Compliance Guide to the Personal Data Protection Act
All organizations that process personal data (unless exempted) are subject to the PDPA. The PDPA requires that organizations must take certain steps including but not limited to not disclosing the personal data of employees without their consent, providing rights of access to such personal data and ensuring the right to correct such personal data. While there are certain exemptions to these obligations, it is clear that the organizations have a heavy responsibility particularly in light of the fact that criminal and civil consequences may be the result of one or more breaches of the PDPA. The objective of this one day course is to provide an explanation of the terms of the PDPA to a level that would allow all attendees to understand what steps they must take to ensure that their organizations comply with the same terms.
This workshop will allow the participants to effectively understand and perform the roles as Data Protection Officers through hands-on practical and also to gain the knowledge on how to tailor PDPA and operationalise them for your business to ensure full compliance.
- The Scope of PDPA
- How PDPA is enforced
- Understand the Principles of Data Protection
- How to be PDPA Compliant on Data Collection
- How, Why and What to Personal Data Disclosure
- Individual Rights under PDPA
- Data Protection Obligations
*Including a brief review of the scope of the European Union General Data Protection Regulation.
Who Should Attend?
This course is targeted at all officers and managers of any organization that handle personal data. This includes those in the Human Resources, Legal, Sales, Marketing, Finance, Compliance and Audit teams. Additionally, it is targeted at the executives of such organizations such as the Chief Executive Officer, President, Managing Director, Chief Financial Officer, Chief Information Officer and Directors who should also have a good knowledge of the PDPA. This is so they can supervise the employees who handle personal data as there are criminal and civil sanctions for the breach of the PDPA.
- Overview of the PDPA
- The scope of the term ‘personal data’ – what does the PDPA cover and what does it not cover. Some of the persons to whom the scope does not apply are employees acting in the course of their employment with an organization. It also does not apply to a public agency or organisation in the course of acting on behalf of a public agency in relation to the collection, use or disclosure of the personal data (as set out in the relevant rules). It also does not cover information such as an individual’s name, position name or title, business telephone number or business electronic which were not provided by the individual solely for his or her personal purposes.

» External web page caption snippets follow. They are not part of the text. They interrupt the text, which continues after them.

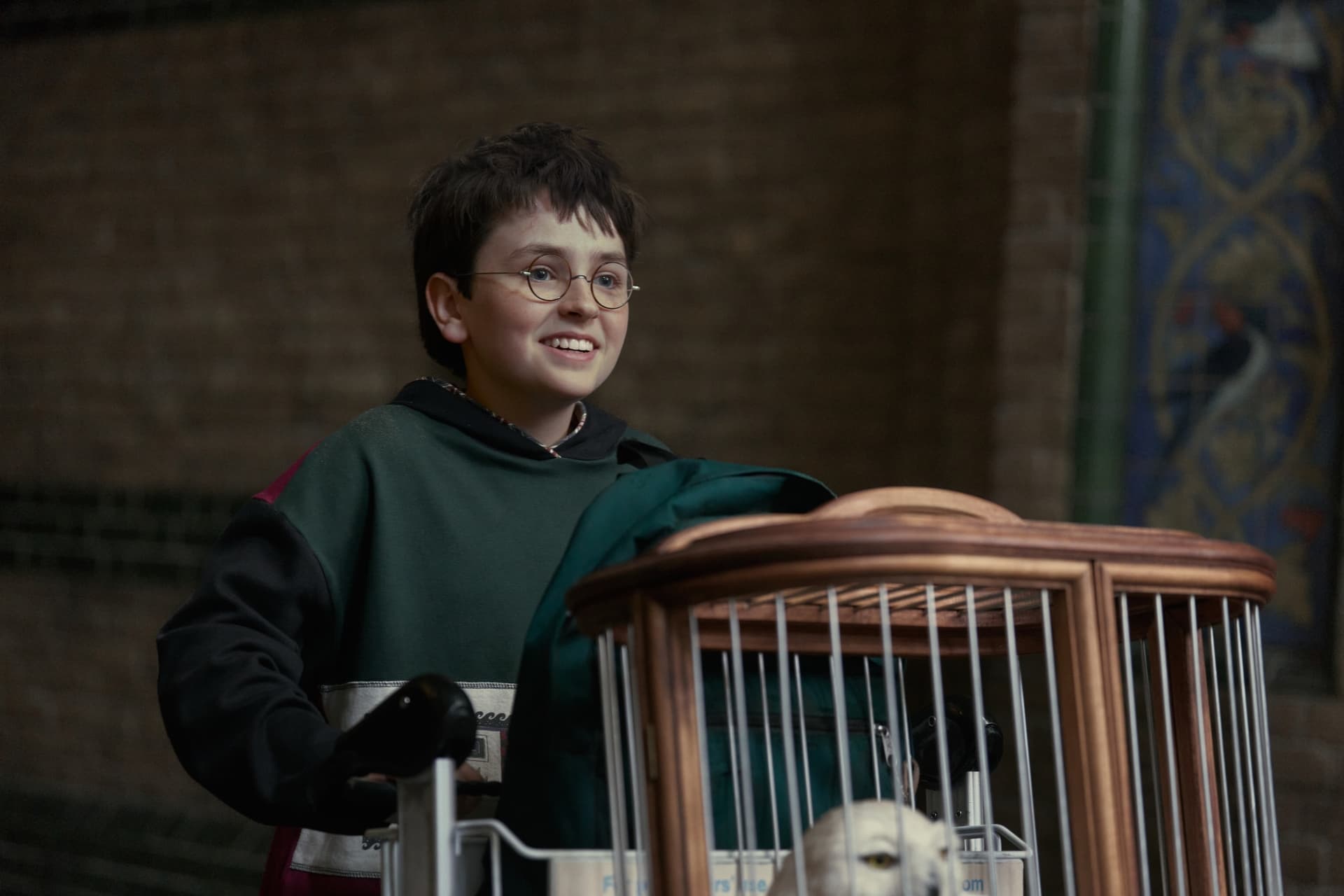 HBO's 'Harry Potter' Series Faces Challenges: Insights from Cinematographer Adriano Goldman cover image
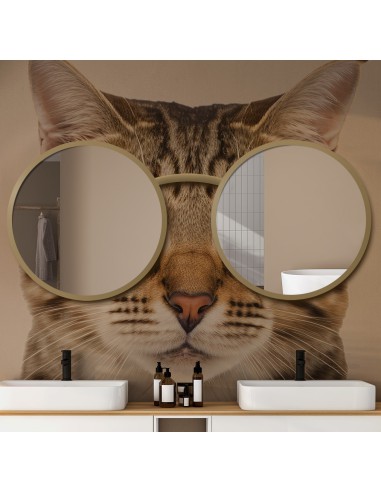 Zestaw luster okrągłych kot w okularach mdf - OKULARY
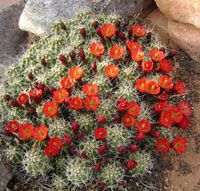 Barrel cactus in bloom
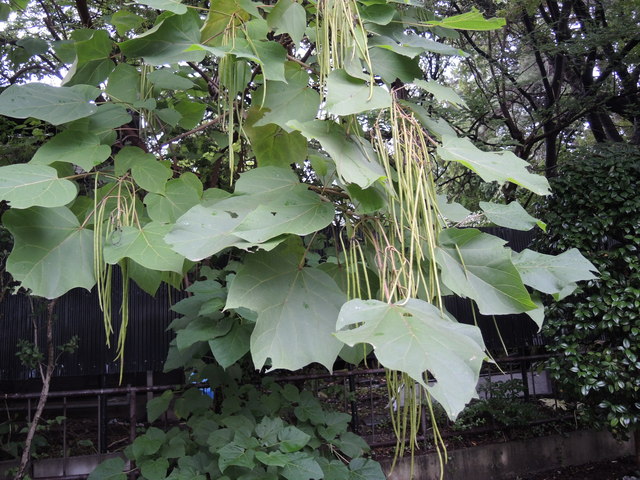 f0100593_1618132.jpg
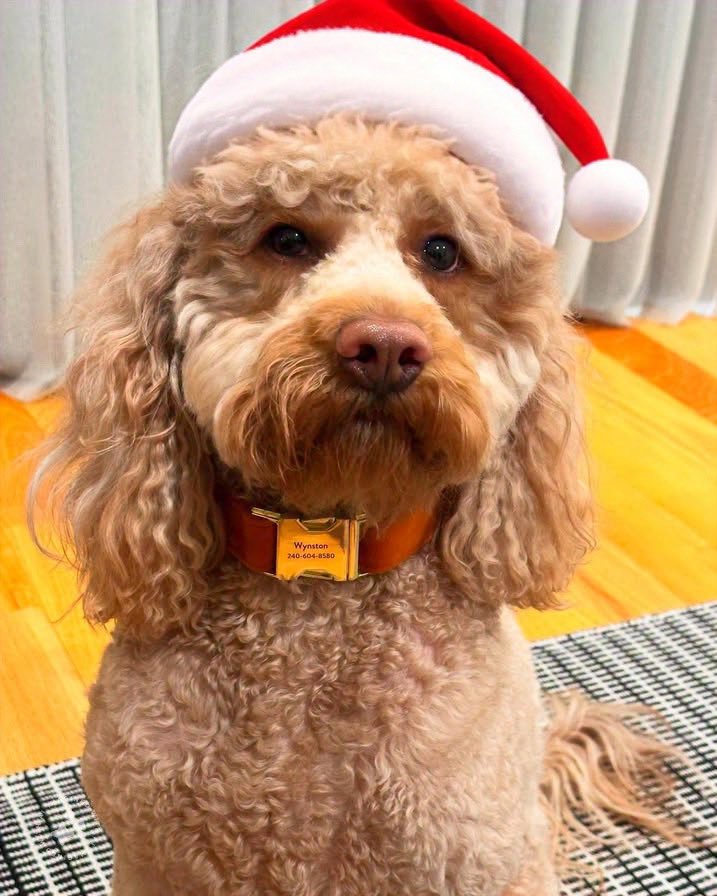 Entering the weekend… Feeling festive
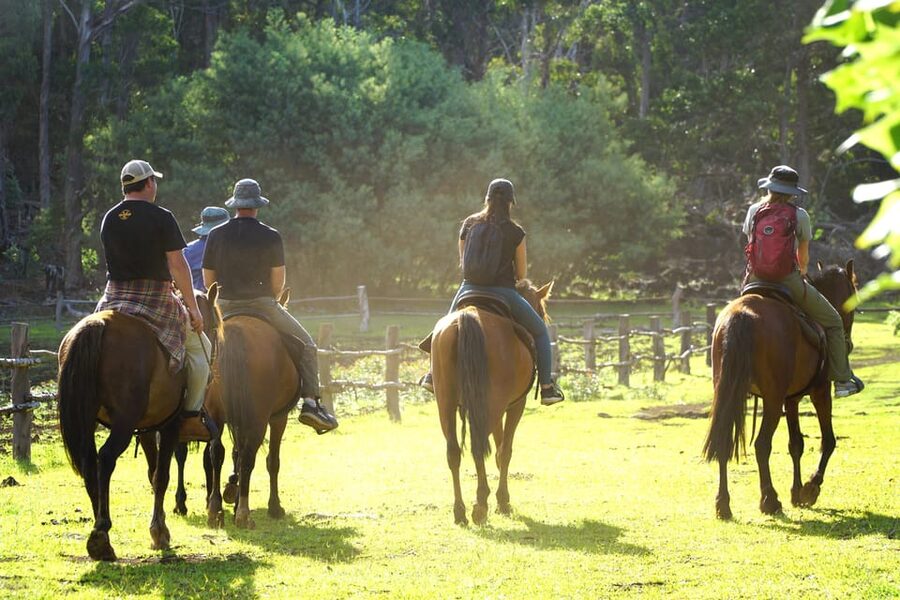 Terevaka Mount: Morning Horseback Riding & Planting Tour - Should You Book the Terevaka Horseback Ride?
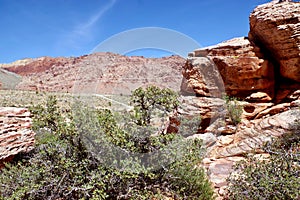 Desert Landscapes, Red Rock Canyon Conservation Park, Nevada, USA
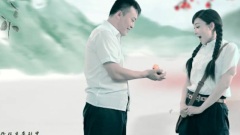 做牛做馬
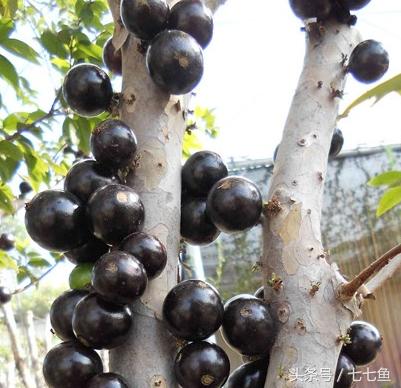 果中皇后,果中皇后是什么水果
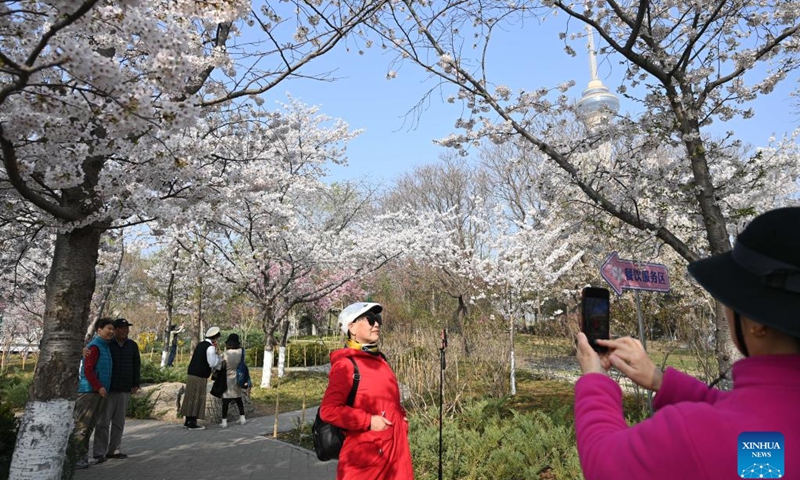 Tourists view cherry blossoms at the Yuyuantan Park in Beijing, capital of China, March 29, 2023.(Photo: Xinhua)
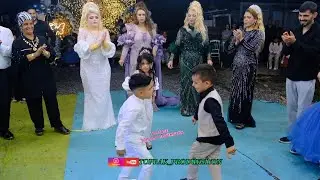 ömer ve zehra #oynuyor  işte şhow yeni#romandüğünleri #2024 #toprakprodüksiyon #dance #romanhavası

- The general rules under the PDPA that govern the collection, use, disclosure and care of personal data. As summarized on the website of the Personal Data Protection Commission, this includes the rule that organisations may collect, use or disclose personal data only with the individual’s knowledge and consent; that organisationsmay collect, use or disclose personal data in an appropriate manner for the circumstances, and only if they have informed the individual of purposes for the collection, use or disclosure; and organisationsmay collect, use or disclose personal data only for purposes that would be considered appropriate to a reasonable person in the given circumstances. The exceptions to the various rules will also be discussed.
- The persons who are responsible for the collection, use, disclosure and care of personal data.
- The criminal and civil sanctions for breaches of the PDPA.
- The Do Not Call (DNC) Registry
Mr. Christopher Bridges has over 30 years’ experience as a litigator and practices General Litigation. His field of practice as a General Litigator is wide and varied. He is accredited on the List of Leading Counsel maintained by the High Court of Singapore which appoints on behalf of the State, senior criminal practitioners who are assisted by an assistant Counsel from a similar List of Assisting Counsel to represent a Defendant facing the Death Penalty and whose fees are paid for by the High Court.
He is also involved in the Academic Field as a Part Time Lecturer and has lectured at both the Singapore Polytechnic and Murdoch University where he conducts tutorials for Diploma Students in Business Law, covering topics on creation of contracts, employment rights and Law of International Trade which covers Carriage of Goods by Sea and Air, Maritime Insurance and Sale of Goods as well as Australian Consumer Law and Hospitality and Tourism Law.
Mr. Bridges graduated from the University of London in 1988 and was called to the Bar of England and Wales by the Honourable Society of the Inner Temple in 1989 after sitting for the Bar Finals where he won a Book Prize for Best Overseas Student in General Paper 1. He was admitted as an Advocate and Solicitor to The Supreme Court, Republic of Singapore on 6th June 1990. He is a Notary Public and a Commissioner for Oaths.